Et c’est bien là le problème. S’il s’avère nécessaire de faire table rase du passé afin de construire une nouvelle « civilisation » (qui pourra porter différentes « cultures »), j’aimerais autant que cela se fasse autrement qu’à travers le prisme déformant des religions. Je ne pense donc pas qu’une approche religieuse des événements, n’en déplaise « aux croyants de passage », soit souhaitable, notamment dans le cadre de ce fil de discussion.
Autrement dit, ce n’est pas parce que les religions ont jusqu’ici toujours influencé l’Histoire des civilisations qu’il est indispensable et inévitable qu’elles continuent de le faire jusqu’à la fin des temps…
scaringella,
Pour se bagarrer, il faut être deux et ce sera sans moi.
Je vous laisse à vos provocations de troll.
Aucun intérêt.
Étienne.
Merci pour l’article « la survie de l’espèce l’exige ». L’analyse de la crise est l’exacte intuition que j’avais sans pouvoir jamais l’exprimer aussi bien! Pierre LARROUTUROU économiste au PS français dit aussi très clairement la même chose, mais malheureusement en vain depuis au moins 3 ans, en ce qui concerne l’endettement américain public et privé américain et son rapport notamment avec les bas salaires.
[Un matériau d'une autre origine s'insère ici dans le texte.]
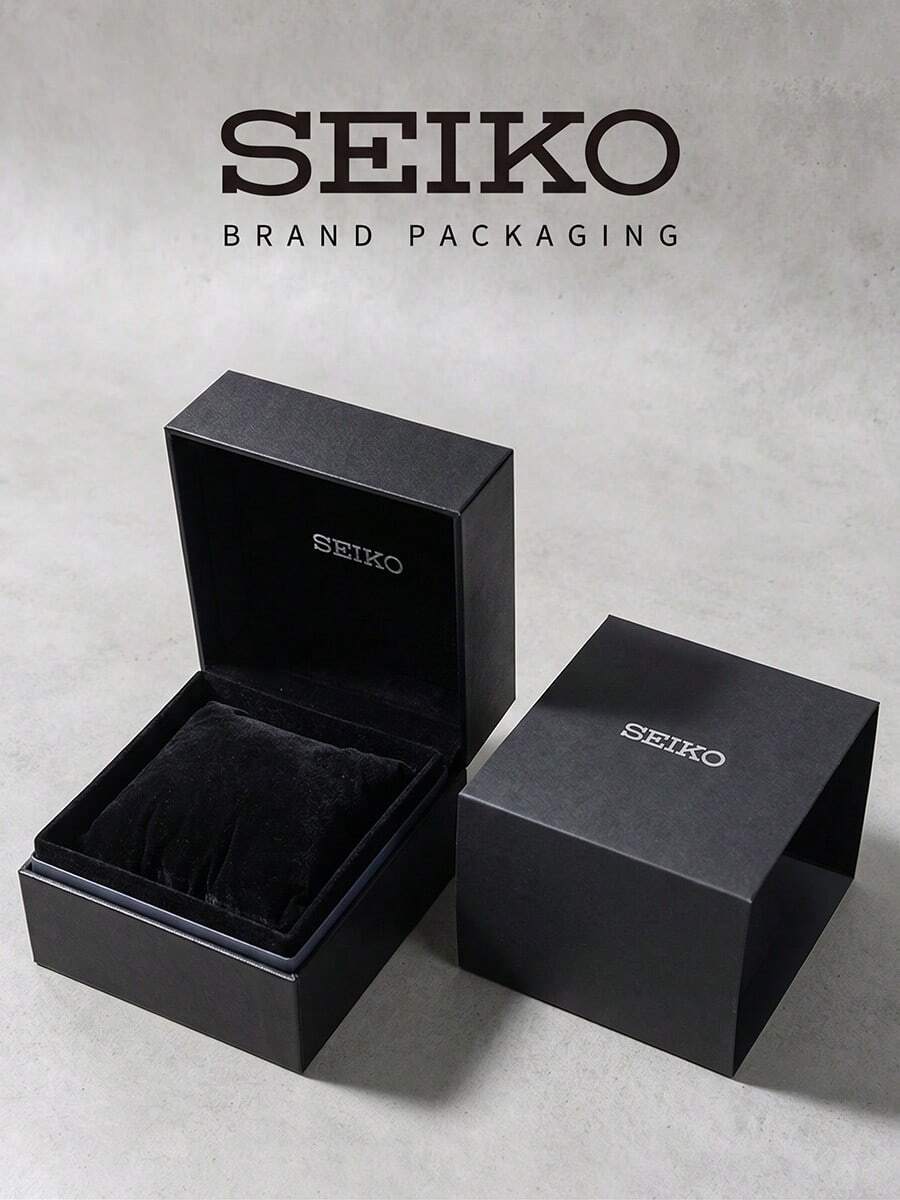 Caja de Reloj Marca Seiko Caja Cuadrada de Cartón con Cojín de Terciopelo Organizador de Almacenamiento Accesorio, Adecuado para Empaque de Regalo Diario en el Hogar - Caja de reloj - Ver 1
La baisse de la part des salaires dans le PIB de 11% au profit du capital (identifiée au cours des 25 dernières années grosso modo dans tous les pays d’europe) ne vient-elle pas accréditer fortement votre propos?
Comment contribuer à diffuser cette analyse de la crise économique fondamentalement social-démocrate, qui aboutit à poser d’une manière responsable, la question de la redistribution des richesses, pour éviter toute régression de nos concitoyens à « tendance socialiste » dans la représentation qu’ils ont de la vie économique?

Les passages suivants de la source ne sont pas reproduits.